TensorFlow has the better deployment infrastructure

As cumbersome as TensorFlow might be to code, once it’s written is a lot easier to deploy than PyTorch. Tools like TensorFlow Serving and TensorFlow Lite make deployment to cloud, servers, mobile, and IoT devices happen in a jiffy.

PyTorch, on the other hand, has been notoriously slow in releasing deployment tools. That being said, it has been closing the gap with TensorFlow quite rapidly as of late.

It’s hard to predict at this point in time, but it’s quite possible that PyTorch might match or even outgrow TensorFlow’s deployment infrastructure in the years to come.

TensorFlow code will probably stick around for a while because it’s costly to switch frameworks after deployment. However, it’s quite conceivable that newer deep learning applications will increasingly be written and deployed with PyTorch.

TensorFlow is not all about Python

TensorFlow isn’t dead. It’s just not as popular as it once was.

The core reason for this is that many people who use Python for machine learning are switching to PyTorch.

But Python is not the only language out there for machine learning. It’s the O.G. of machine learning, and that’s the only reason why the developers of TensorFlow centered its support around Python.

These days, one can use TensorFlow with JavaScript, Java, and C++. The community is also starting to develop support for other languages like Julia, Rust, Scala, and Haskell, among others.

PyTorch, on the other hand, is very centered around Python — that’s why it feels so pythonic after all.
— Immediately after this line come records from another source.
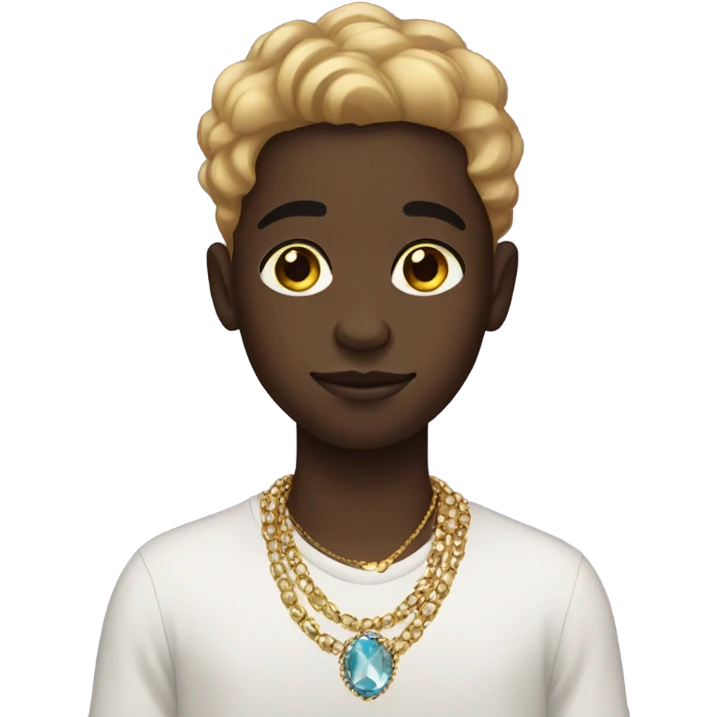 dark-skinned boy with jewelry emoji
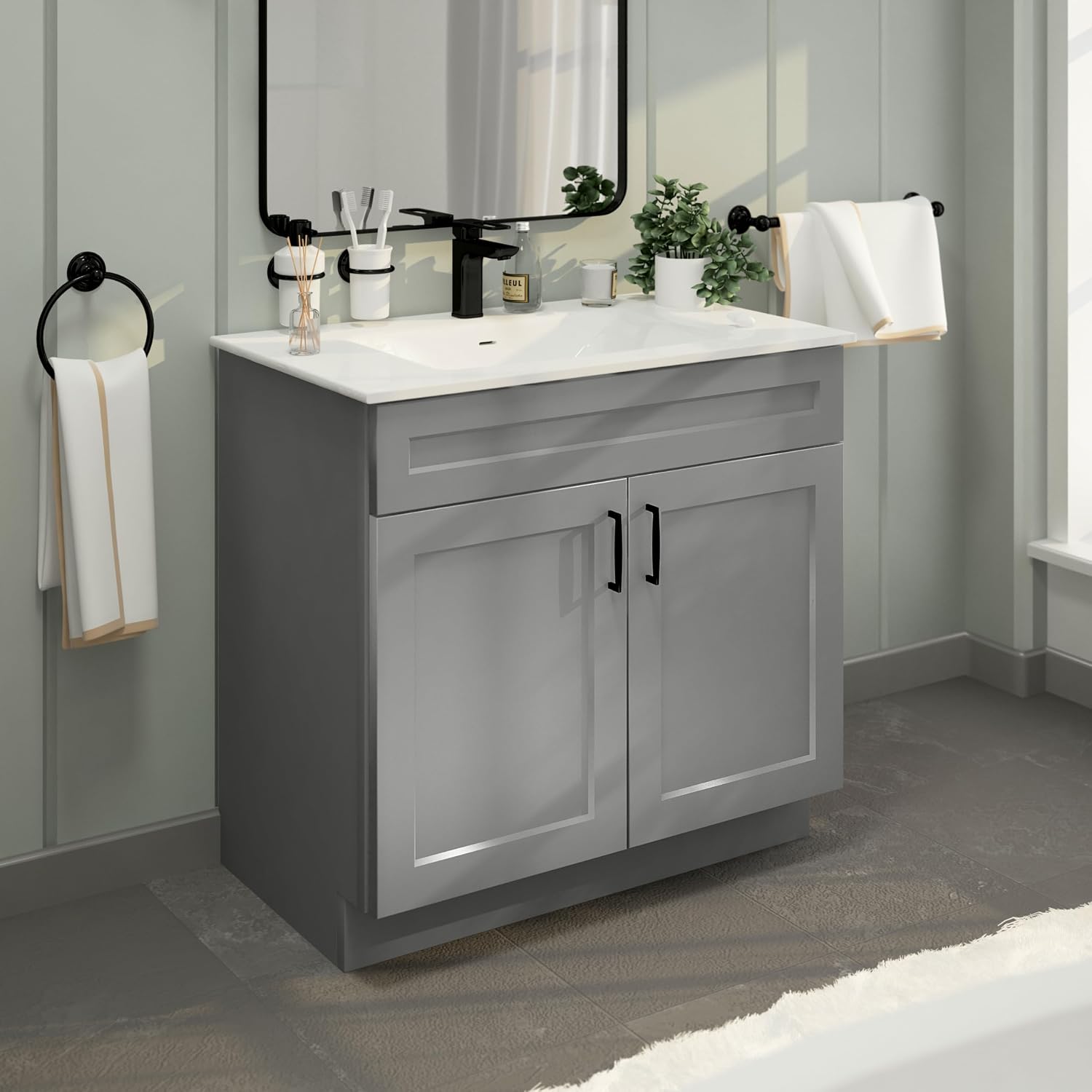 Light Grey Shaker Sink Base Bathroom Vanity 24'/30'/36' Width (36' Width)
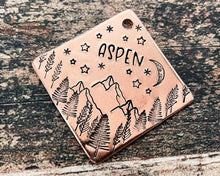 Load image into Gallery viewer, Square dog id tag, hand stamped with mountains, trees, moon &amp; stars

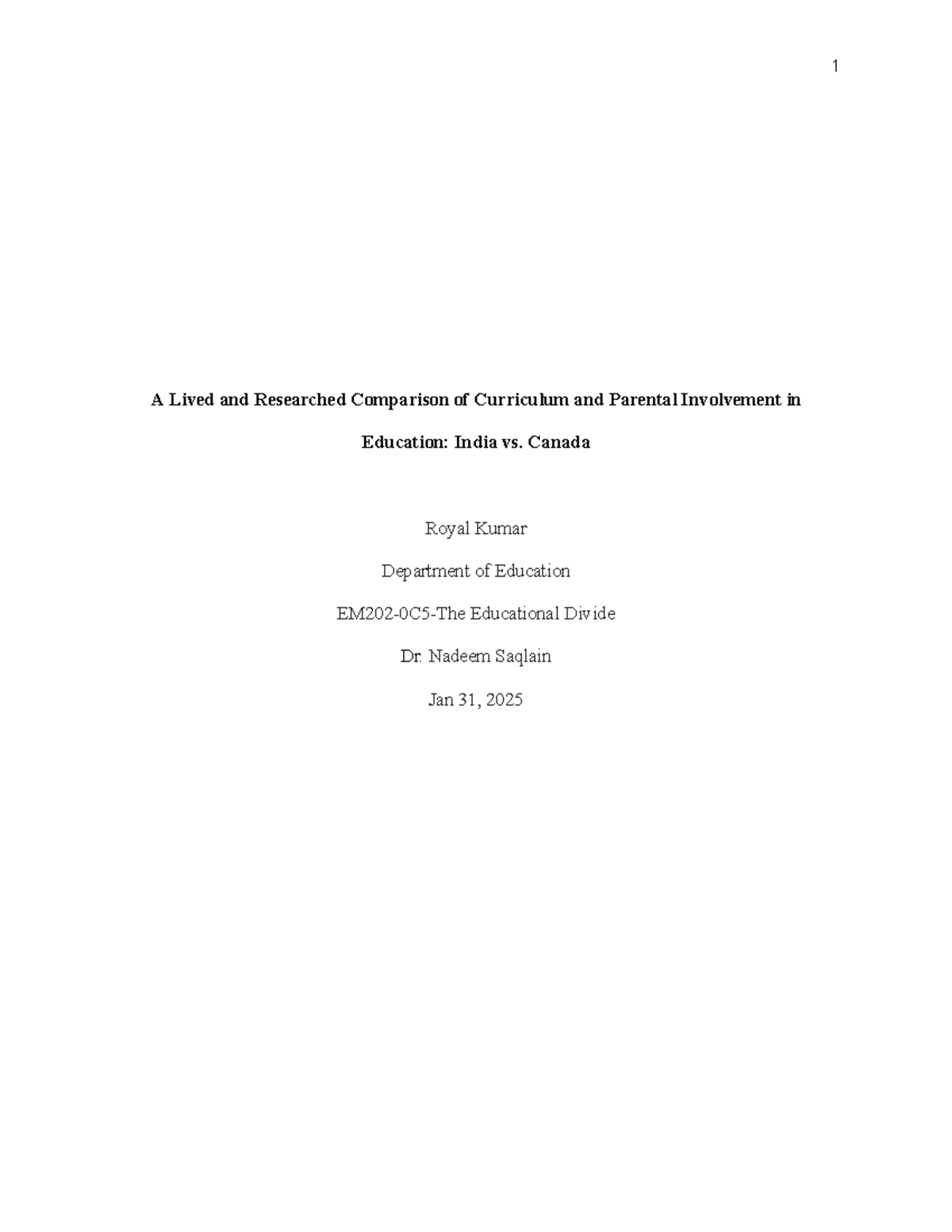 EM202-0C5 Comparison of Education Systems: India vs Canada Insights ...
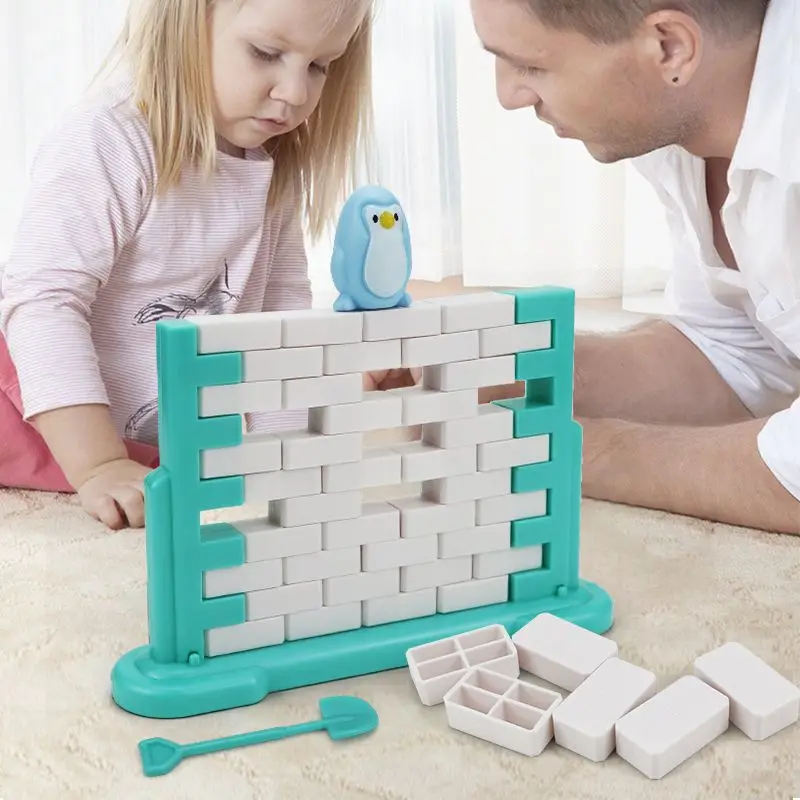 Mini diversão crianças salvar pinguim disjuntor de gelo armadilha brinquedos jogo de tabuleiro interno parte da família pai-filho blocos de equilíbrio interativos presentes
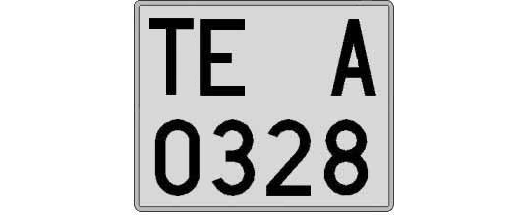 TE0328A matricula cuadrada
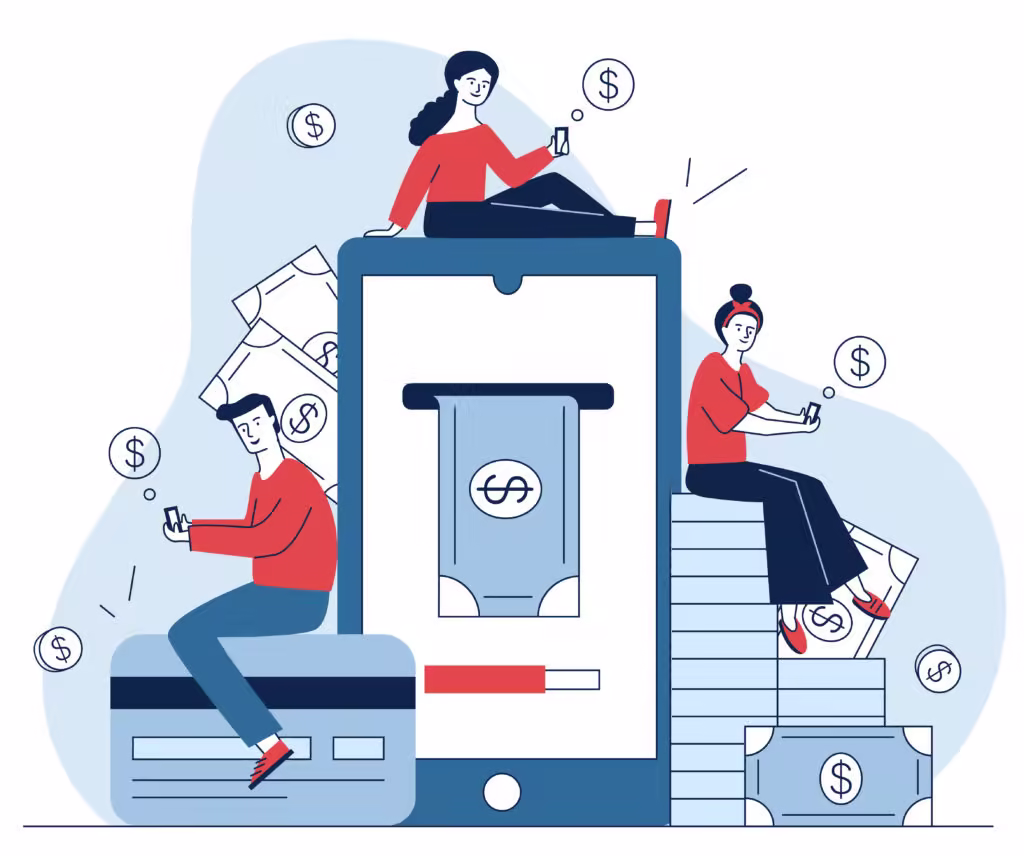 Flat illustration depicting people using a money-transferring mobile app.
There is a C++ API, but there isn’t half the support for other languages that TensorFlow offers.

It’s quite conceivable that PyTorch will overtake TensorFlow within Python. On the other hand, TensorFlow, with its impressive ecosystem, deployment features, and support for other languages, will remain an important player in deep learning.

Whether you choose TensorFlow or PyTorch for your next project depends mostly on how much you love Python.